Records shown
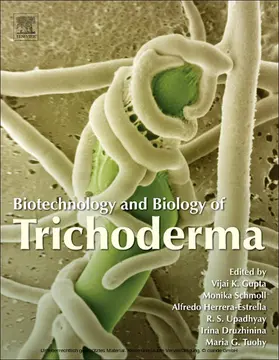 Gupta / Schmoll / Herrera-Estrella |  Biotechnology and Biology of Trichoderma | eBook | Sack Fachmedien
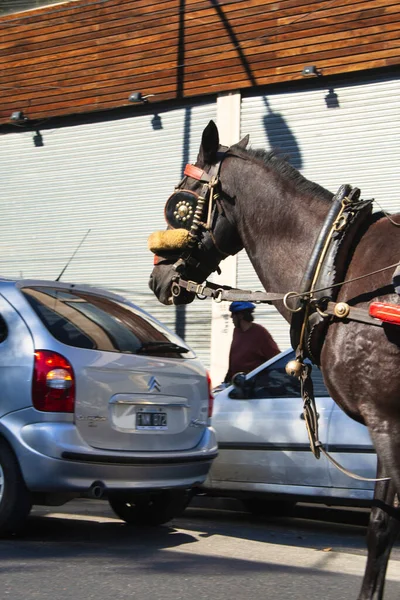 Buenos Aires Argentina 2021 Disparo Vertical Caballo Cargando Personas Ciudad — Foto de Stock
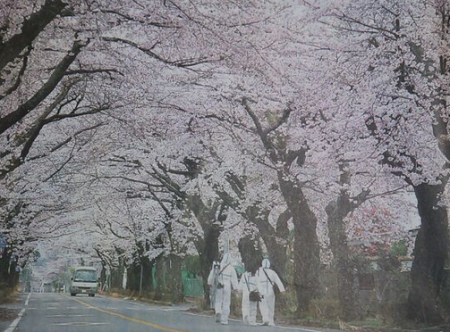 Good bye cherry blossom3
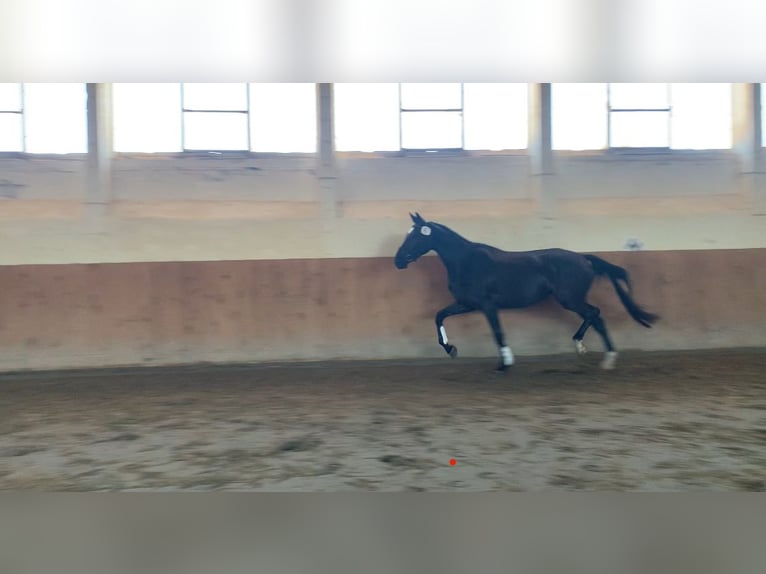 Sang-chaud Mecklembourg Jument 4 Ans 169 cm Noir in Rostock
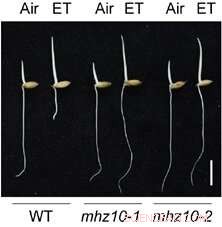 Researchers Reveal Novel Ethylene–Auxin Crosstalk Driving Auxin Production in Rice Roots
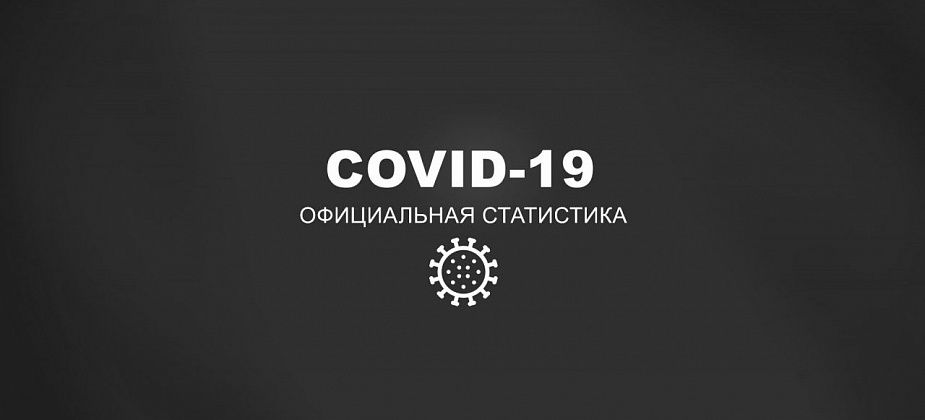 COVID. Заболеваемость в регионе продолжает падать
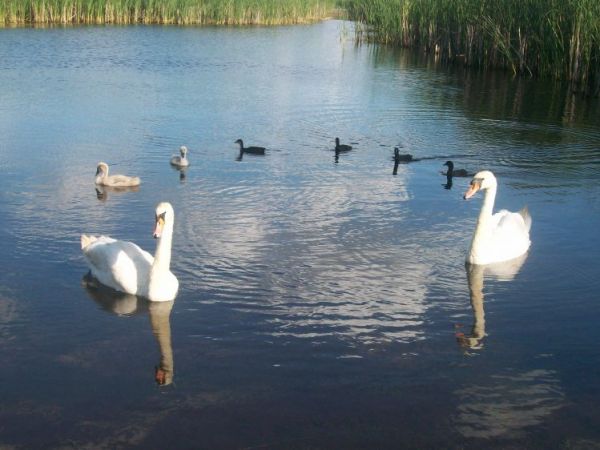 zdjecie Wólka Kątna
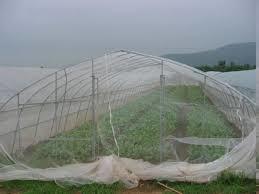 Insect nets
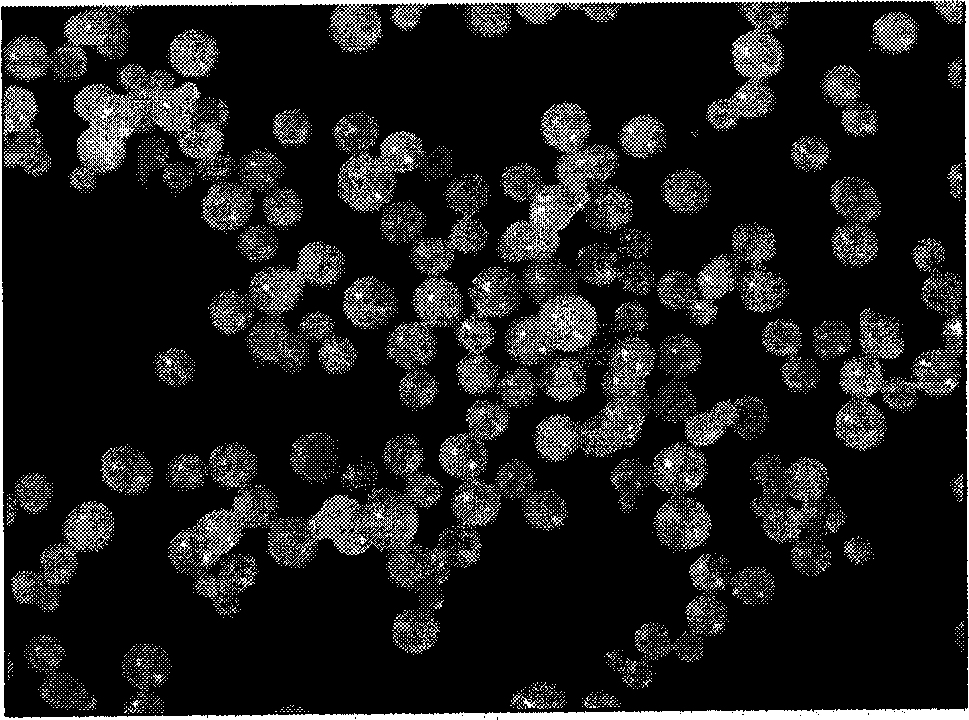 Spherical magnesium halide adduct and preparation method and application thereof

Exercise details
Retype everything in the entries exactly except the pictures.

Exercise response
 Gupta / Schmoll / Herrera-Estrella |  Biotechnology and Biology of Trichoderma | eBook | Sack Fachmedien
 Buenos Aires Argentina 2021 Disparo Vertical Caballo Cargando Personas Ciudad — Foto de Stock
 Good bye cherry blossom3
 Sang-chaud Mecklembourg Jument 4 Ans 169 cm Noir in Rostock
 Researchers Reveal Novel Ethylene–Auxin Crosstalk Driving Auxin Production in Rice Roots
 COVID. Заболеваемость в регионе продолжает падать
 zdjecie Wólka Kątna
 Insect nets
 Spherical magnesium halide adduct and preparation method and application thereof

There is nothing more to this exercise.